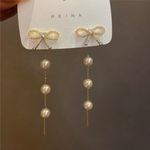 Elegant Bow White Pearl Dangle Drop Earrings for Women Gold Photo 0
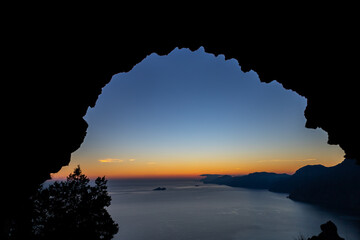 wonderful sunset from the Path of the Gods on the Amalfi Coast with a view of Capri and the Faraglioni and the Li Galli islet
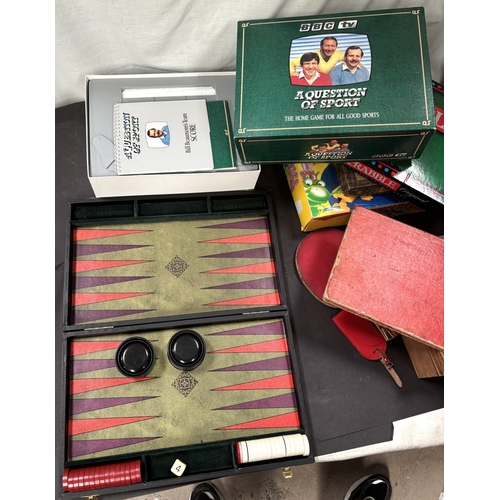 41 - A cased wooden chess set and various games.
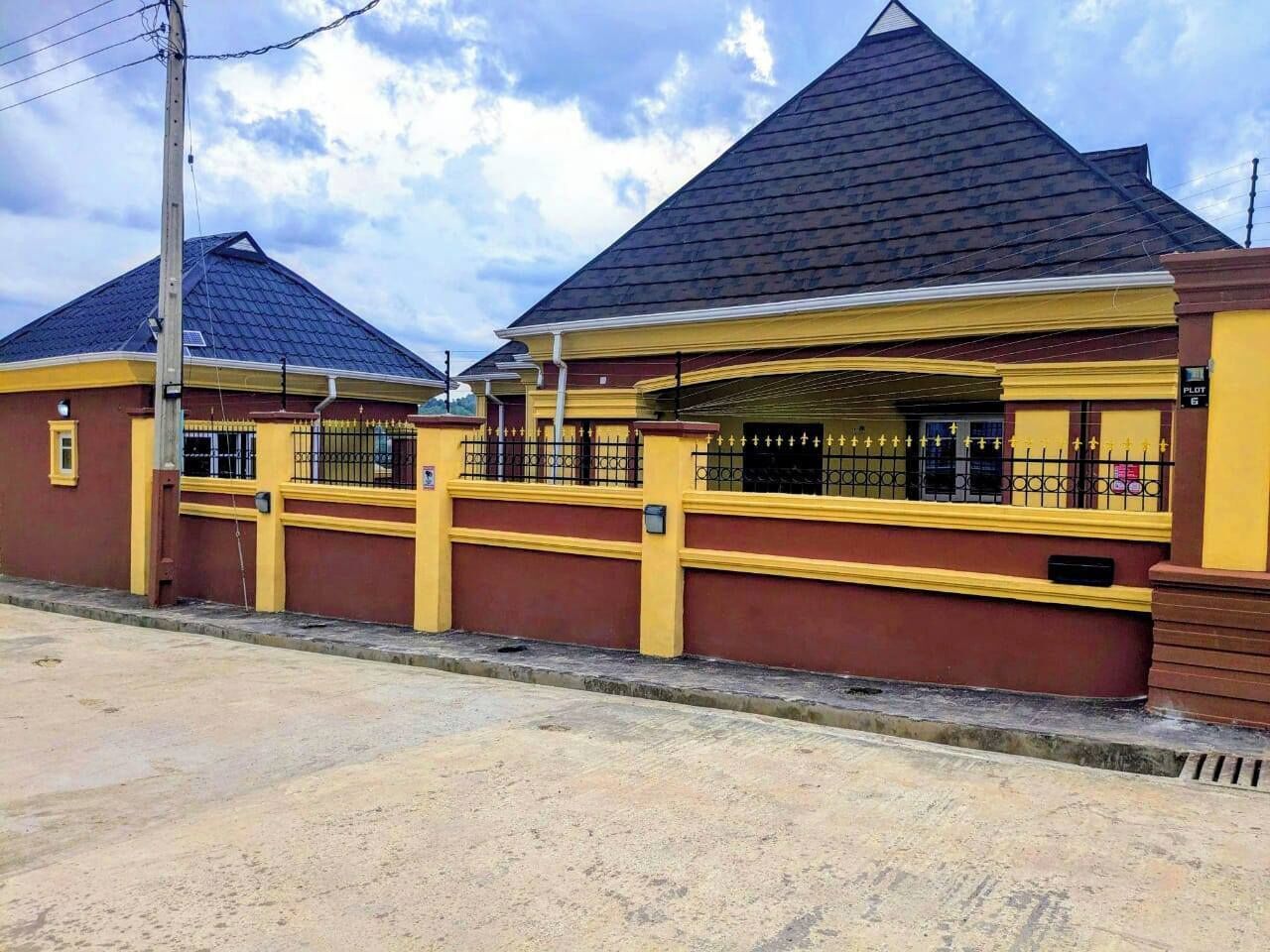 A building with a dark roof and yellow walls, featuring a gated entrance and a visible sign.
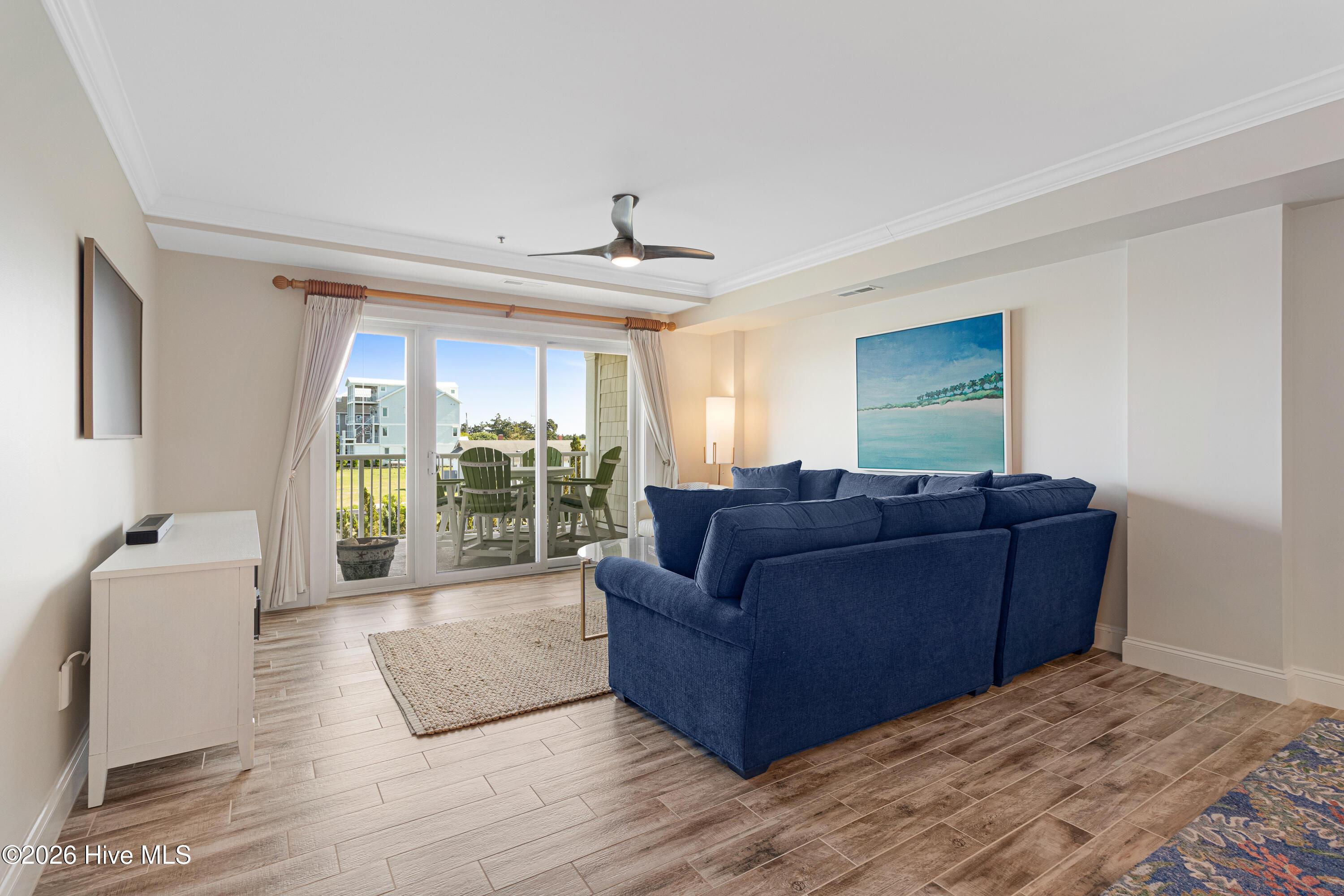 Image 3: Living room with covered balcony access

Description of the task: In the records above, find the line that contains "41 - A cased". Retype it and every line after it, exactly, leaving out all pictures.

Answer space:
 41 - A cased wooden chess set and various games.
 A building with a dark roof and yellow walls, featuring a gated entrance and a visible sign.
 Image 3: Living room with covered balcony access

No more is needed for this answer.